** Opening SOURCE RECORDS block **

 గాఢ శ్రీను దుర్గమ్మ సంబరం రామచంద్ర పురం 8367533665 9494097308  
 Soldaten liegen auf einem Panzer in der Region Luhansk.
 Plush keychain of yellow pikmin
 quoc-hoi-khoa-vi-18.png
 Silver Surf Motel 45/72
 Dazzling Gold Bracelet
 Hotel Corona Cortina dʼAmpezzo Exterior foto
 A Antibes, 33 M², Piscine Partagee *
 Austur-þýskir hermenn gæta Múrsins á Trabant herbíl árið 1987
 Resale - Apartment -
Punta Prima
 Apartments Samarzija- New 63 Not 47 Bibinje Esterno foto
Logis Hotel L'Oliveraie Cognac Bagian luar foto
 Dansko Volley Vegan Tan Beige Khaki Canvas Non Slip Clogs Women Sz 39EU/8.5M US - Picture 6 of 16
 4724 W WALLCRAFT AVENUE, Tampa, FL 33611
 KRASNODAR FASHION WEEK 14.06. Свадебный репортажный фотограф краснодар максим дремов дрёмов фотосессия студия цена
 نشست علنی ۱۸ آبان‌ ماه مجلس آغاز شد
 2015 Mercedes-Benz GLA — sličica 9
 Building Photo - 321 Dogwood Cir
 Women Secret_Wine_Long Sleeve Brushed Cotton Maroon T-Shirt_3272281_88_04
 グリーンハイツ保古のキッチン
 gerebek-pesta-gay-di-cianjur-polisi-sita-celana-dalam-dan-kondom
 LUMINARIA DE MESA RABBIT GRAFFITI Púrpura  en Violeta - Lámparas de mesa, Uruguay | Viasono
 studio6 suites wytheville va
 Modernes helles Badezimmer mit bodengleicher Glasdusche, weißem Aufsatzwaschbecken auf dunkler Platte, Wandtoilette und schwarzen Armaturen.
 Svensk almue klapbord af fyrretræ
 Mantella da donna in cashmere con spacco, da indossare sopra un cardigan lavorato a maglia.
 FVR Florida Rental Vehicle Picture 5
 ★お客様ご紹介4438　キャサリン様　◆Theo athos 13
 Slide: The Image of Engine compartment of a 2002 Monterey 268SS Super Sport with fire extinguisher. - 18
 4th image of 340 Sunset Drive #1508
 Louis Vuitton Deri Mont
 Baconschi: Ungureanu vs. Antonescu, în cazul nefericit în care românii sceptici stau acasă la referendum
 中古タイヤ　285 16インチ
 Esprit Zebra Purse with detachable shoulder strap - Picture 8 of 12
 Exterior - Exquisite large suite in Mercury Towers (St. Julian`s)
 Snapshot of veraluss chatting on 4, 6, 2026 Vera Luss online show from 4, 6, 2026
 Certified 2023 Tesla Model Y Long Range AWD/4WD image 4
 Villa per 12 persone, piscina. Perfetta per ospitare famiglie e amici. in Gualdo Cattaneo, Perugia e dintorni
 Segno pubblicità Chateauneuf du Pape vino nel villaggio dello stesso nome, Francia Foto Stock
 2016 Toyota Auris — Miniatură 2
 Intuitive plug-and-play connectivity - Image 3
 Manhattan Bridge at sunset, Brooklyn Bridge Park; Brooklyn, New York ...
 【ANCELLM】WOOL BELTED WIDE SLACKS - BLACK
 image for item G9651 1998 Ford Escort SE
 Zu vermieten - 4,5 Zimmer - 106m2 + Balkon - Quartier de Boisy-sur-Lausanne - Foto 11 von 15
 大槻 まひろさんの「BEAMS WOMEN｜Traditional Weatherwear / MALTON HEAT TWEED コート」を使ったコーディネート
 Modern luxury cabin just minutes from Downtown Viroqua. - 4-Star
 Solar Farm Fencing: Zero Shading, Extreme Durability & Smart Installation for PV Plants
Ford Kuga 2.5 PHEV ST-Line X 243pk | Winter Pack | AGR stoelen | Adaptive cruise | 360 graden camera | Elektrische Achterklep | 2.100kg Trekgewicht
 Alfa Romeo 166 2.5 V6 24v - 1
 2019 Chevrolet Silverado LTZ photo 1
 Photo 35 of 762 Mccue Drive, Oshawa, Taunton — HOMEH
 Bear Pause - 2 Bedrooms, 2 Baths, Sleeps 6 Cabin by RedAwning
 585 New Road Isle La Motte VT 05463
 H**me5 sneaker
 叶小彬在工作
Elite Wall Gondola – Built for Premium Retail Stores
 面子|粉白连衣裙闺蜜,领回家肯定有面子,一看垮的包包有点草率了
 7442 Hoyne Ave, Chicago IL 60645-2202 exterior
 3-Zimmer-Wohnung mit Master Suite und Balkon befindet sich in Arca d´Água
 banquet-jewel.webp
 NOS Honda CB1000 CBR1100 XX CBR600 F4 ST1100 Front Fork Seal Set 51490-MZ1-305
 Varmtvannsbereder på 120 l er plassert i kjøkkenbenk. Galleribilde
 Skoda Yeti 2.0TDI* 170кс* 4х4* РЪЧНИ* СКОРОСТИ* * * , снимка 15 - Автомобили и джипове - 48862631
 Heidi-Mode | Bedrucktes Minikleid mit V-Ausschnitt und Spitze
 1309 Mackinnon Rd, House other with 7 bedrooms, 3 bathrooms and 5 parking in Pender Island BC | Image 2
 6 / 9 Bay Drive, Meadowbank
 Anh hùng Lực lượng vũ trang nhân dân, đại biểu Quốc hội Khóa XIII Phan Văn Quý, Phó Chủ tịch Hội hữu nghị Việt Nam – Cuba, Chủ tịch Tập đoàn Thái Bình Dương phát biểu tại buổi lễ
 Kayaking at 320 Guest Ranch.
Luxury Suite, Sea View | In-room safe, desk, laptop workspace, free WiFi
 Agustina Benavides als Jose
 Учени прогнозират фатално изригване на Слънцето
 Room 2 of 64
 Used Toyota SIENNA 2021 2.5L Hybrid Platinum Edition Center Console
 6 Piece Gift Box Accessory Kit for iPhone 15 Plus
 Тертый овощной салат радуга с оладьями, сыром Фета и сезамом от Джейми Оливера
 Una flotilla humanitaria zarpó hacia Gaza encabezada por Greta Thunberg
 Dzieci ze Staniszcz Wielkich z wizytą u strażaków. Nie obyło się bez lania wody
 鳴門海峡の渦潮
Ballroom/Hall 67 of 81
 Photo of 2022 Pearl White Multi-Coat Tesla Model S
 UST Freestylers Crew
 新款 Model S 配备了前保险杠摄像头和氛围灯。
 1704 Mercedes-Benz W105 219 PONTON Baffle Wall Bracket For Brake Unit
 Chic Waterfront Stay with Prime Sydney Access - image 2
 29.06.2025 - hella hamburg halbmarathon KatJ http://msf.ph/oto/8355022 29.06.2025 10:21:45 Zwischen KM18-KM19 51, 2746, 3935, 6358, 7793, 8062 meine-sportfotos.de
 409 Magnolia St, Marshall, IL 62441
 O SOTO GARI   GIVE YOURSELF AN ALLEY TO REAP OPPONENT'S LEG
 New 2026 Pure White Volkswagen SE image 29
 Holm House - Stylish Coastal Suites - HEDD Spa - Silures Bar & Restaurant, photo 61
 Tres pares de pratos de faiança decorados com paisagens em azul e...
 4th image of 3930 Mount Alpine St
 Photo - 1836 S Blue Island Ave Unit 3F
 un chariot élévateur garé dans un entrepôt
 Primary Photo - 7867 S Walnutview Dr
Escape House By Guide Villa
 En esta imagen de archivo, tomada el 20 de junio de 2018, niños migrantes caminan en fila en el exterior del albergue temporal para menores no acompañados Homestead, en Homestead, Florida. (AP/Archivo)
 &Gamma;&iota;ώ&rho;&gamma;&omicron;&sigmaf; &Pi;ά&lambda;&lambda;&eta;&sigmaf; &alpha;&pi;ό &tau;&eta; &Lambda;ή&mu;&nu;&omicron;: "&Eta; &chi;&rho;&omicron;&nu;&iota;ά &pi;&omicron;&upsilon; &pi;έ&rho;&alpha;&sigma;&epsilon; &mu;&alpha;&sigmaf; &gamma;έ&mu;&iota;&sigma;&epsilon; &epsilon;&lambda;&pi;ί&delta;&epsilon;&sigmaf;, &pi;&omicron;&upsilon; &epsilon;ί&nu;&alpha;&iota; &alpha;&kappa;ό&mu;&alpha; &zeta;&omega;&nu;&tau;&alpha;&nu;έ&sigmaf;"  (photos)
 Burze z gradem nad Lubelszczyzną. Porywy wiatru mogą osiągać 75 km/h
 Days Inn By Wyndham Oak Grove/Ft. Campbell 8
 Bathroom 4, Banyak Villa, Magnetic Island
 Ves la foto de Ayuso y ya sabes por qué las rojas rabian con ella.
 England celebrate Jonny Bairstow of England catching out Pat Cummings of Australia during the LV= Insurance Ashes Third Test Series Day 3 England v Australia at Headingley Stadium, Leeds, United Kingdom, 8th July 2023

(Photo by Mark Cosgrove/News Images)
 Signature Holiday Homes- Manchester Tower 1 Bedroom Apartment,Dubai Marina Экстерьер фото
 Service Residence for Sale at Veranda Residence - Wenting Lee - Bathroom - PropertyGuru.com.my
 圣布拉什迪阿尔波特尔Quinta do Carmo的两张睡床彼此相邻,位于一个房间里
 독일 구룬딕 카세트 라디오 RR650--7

** Closing SOURCE RECORDS block **

> [EXERCISE DIRECTIONS]: Quote the listing above, but only from the line that shows "Heidi-Mode | Bedrucktes" through the line that shows "Photo - 1836 S Blue Island Ave Unit 3F".

> [EXERCISE OUTPUT]:
 Heidi-Mode | Bedrucktes Minikleid mit V-Ausschnitt und Spitze
 1309 Mackinnon Rd, House other with 7 bedrooms, 3 bathrooms and 5 parking in Pender Island BC | Image 2
 6 / 9 Bay Drive, Meadowbank
 Anh hùng Lực lượng vũ trang nhân dân, đại biểu Quốc hội Khóa XIII Phan Văn Quý, Phó Chủ tịch Hội hữu nghị Việt Nam – Cuba, Chủ tịch Tập đoàn Thái Bình Dương phát biểu tại buổi lễ
 Kayaking at 320 Guest Ranch.
Luxury Suite, Sea View | In-room safe, desk, laptop workspace, free WiFi
 Agustina Benavides als Jose
 Учени прогнозират фатално изригване на Слънцето
 Room 2 of 64
 Used Toyota SIENNA 2021 2.5L Hybrid Platinum Edition Center Console
 6 Piece Gift Box Accessory Kit for iPhone 15 Plus
 Тертый овощной салат радуга с оладьями, сыром Фета и сезамом от Джейми Оливера
 Una flotilla humanitaria zarpó hacia Gaza encabezada por Greta Thunberg
 Dzieci ze Staniszcz Wielkich z wizytą u strażaków. Nie obyło się bez lania wody
 鳴門海峡の渦潮
Ballroom/Hall 67 of 81
 Photo of 2022 Pearl White Multi-Coat Tesla Model S
 UST Freestylers Crew
 新款 Model S 配备了前保险杠摄像头和氛围灯。
 1704 Mercedes-Benz W105 219 PONTON Baffle Wall Bracket For Brake Unit
 Chic Waterfront Stay with Prime Sydney Access - image 2
 29.06.2025 - hella hamburg halbmarathon KatJ http://msf.ph/oto/8355022 29.06.2025 10:21:45 Zwischen KM18-KM19 51, 2746, 3935, 6358, 7793, 8062 meine-sportfotos.de
 409 Magnolia St, Marshall, IL 62441
 O SOTO GARI   GIVE YOURSELF AN ALLEY TO REAP OPPONENT'S LEG
 New 2026 Pure White Volkswagen SE image 29
 Holm House - Stylish Coastal Suites - HEDD Spa - Silures Bar & Restaurant, photo 61
 Tres pares de pratos de faiança decorados com paisagens em azul e...
 4th image of 3930 Mount Alpine St
 Photo - 1836 S Blue Island Ave Unit 3F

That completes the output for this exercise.